What you should do — Transcribe only the stretch of lines that opens with the line containing "Vorschau - Arbeitsblätter" and closes with the last line of the listing, skipping pictures.

===== Data

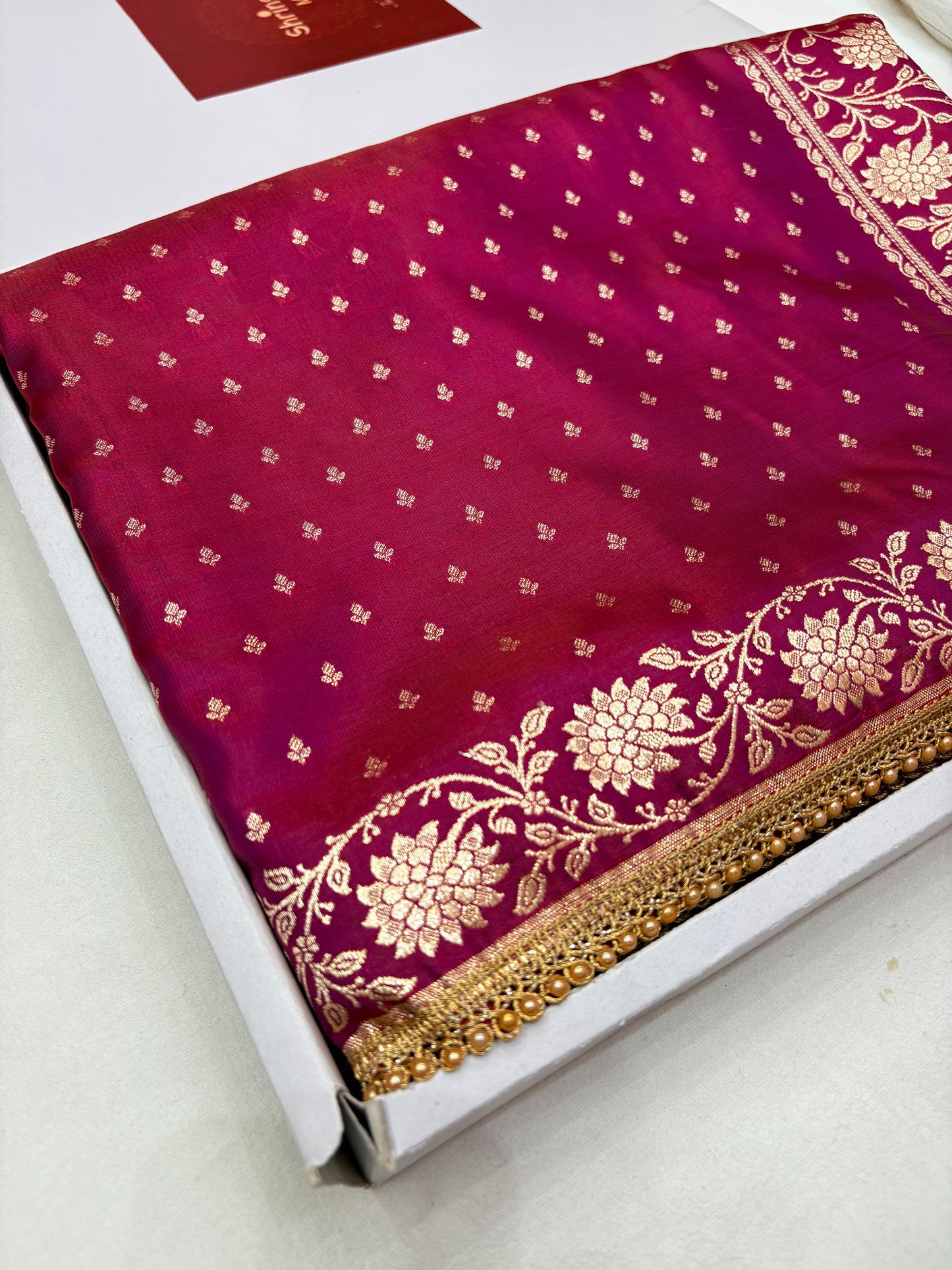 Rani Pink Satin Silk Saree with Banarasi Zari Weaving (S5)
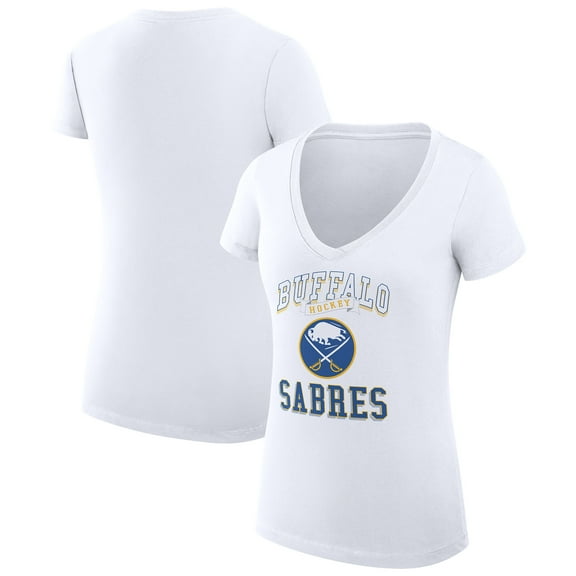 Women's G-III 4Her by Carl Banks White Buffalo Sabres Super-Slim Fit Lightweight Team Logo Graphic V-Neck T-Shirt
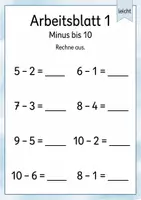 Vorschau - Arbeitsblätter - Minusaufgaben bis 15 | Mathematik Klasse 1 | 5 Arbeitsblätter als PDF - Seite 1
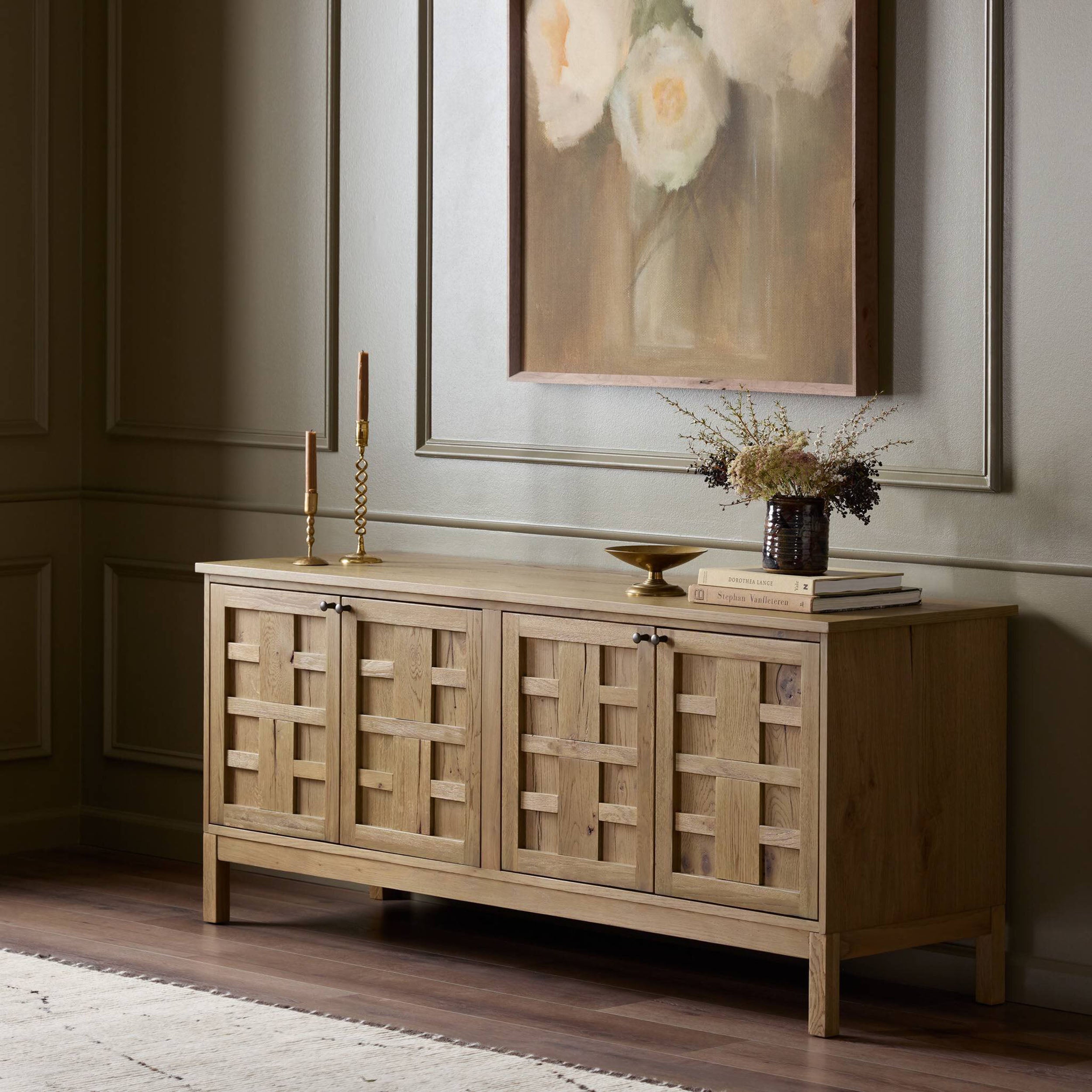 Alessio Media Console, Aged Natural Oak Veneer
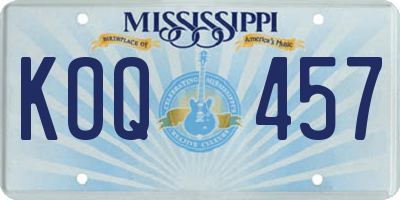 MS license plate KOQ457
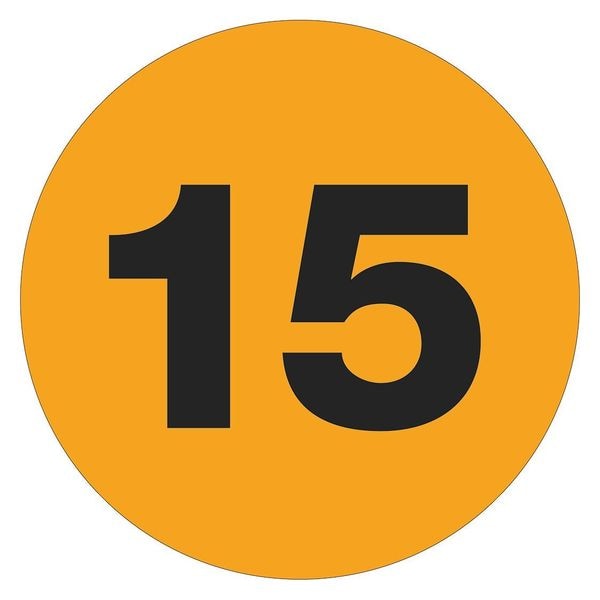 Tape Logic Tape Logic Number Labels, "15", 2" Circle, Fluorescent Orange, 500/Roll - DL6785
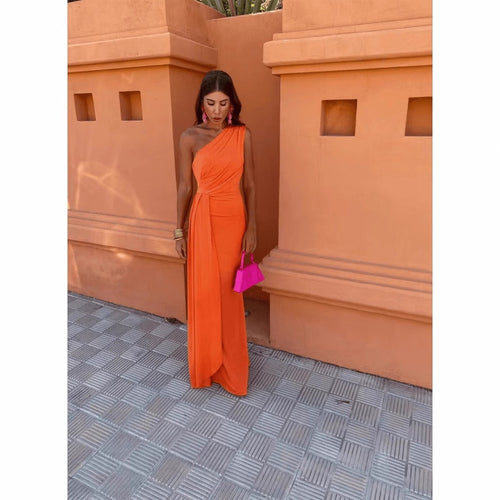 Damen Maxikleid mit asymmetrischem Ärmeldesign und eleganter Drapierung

==========

Task response —
 Vorschau - Arbeitsblätter - Minusaufgaben bis 15 | Mathematik Klasse 1 | 5 Arbeitsblätter als PDF - Seite 1
 Alessio Media Console, Aged Natural Oak Veneer
 MS license plate KOQ457
 Tape Logic Tape Logic Number Labels, "15", 2" Circle, Fluorescent Orange, 500/Roll - DL6785
 Damen Maxikleid mit asymmetrischem Ärmeldesign und eleganter Drapierung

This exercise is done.